SP, PSI, SJ, ES, and NM report no disclosures. UE is a current employee of the Roche Group. BB is a current employee of EUROIMMUN. JLD and XC are current employees of Lilly. KB has served as a consultant or at advisory boards for Alzheon, BioArctic, Biogen, Eli Lilly, Fujirebio Europe, IBL International, Merck, Novartis, Pfizer, and Roche Diagnostics; is a co‐founder of Brain Biomarker Solutions in Gothenburg AB, a GU Ventures‐based platform company at the University of Gothenburg; and has received research support (for the institution) from Roche Diagnostics and Fujirebio Europe. HZ has served at scientific advisory boards for Roche Diagnostics, Eli Lilly, and Wave; has received travel support from Teva; and is a co‐founder of Brain Biomarker Solutions in Gothenburg AB, a GU Ventures‐based platform company at the University of Gothenburg. OH has acquired research support (for the institution) from Roche, GE Healthcare, Biogen, AVID Radiopharmaceuticals, Fujirebio, and Euroimmun.
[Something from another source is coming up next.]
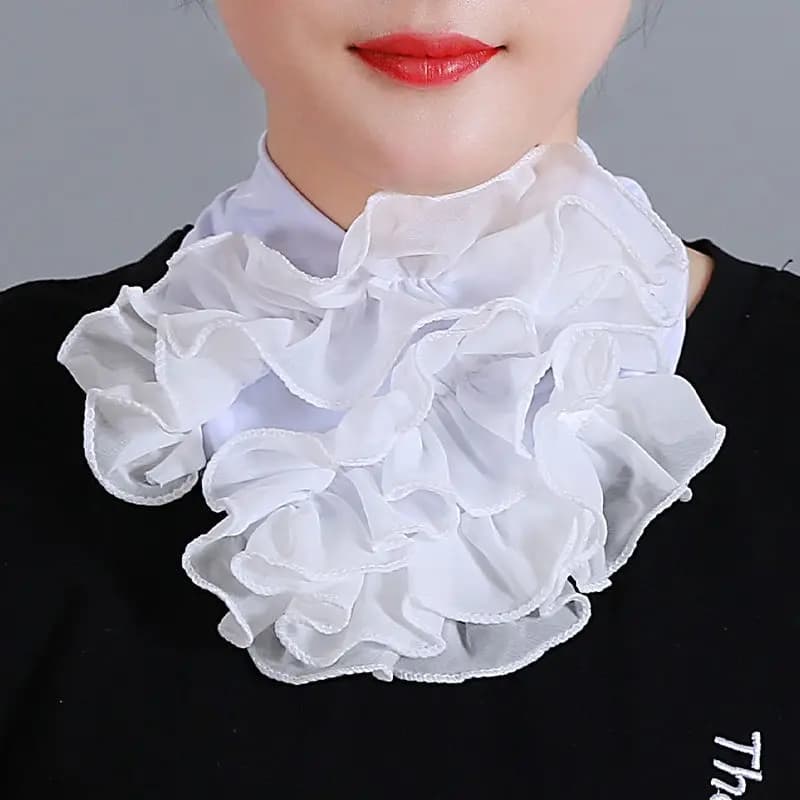 Coreano floreale Chiffon collo guardia falso collare sciarpa di copertura estate donna ghiaccio seta proteggere cervicale elastico bavaglino copricapo P51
In the past 2 years, he has received consultancy/speaker fees (paid to the institution) from Lilly, Roche, and Fujirebio.

Figures

Figure 1
Figure 1. CSF and plasma biomarker trajectories as a function of increasing Aβ accumulation
  1. A, B

    The biomarker data were fitted using monotone spline models where Aβ PET SUVR acted as a proxy for time in AD. CSF (A) and plasma (B) biomarkers are shown separately, but selected direct comparisons are shown in Fig 3. Individual spline models with actual data points are shown in Appendix Figs S1 and S2. The threshold for Aβ was established using mixture modeling statistics. Point of change on the trajectory (also referred to as significant biomarker change) is shown as vertical dashed lines. They were defined as a change in 2 SE (derived from 500 bootstrap samples) from the starting point of the modeled trajectory. Note that plasma P‐tau data were missing in 34 cases. To facilitate comparisons between different CSF and plasma biomarkers, the levels have been transformed to z‐scores based on the distribution in the present population (i.e., a z‐score of 0 corresponds to the mean of the study cohort).

Figure 2
Figure 2. Point of significant biomarker change with 95% CIs
Change points (also referred to as a significant biomarker change) with 95% CIs of the modeled biomarker trajectories are shown in Fig 1. Hippocampus volume divided by total intracranial volume was added for reference.
Figure 3
Figure 3. Comparison of selected CSF and plasma biomarker models
  1. A

    Same models as in Fig 1A and B for CSF and plasma Aβ40, Aβ42, and Aβ42/40, but now in the same panel for easier comparison.

  2. B

    Spline models from the same dataset where there were no missing data for plasma P‐tau (n = 343); i.e., the plasma P‐tau curve is the same as in Fig 1B, but CSF P‐tau is slightly different compared Fig 1A.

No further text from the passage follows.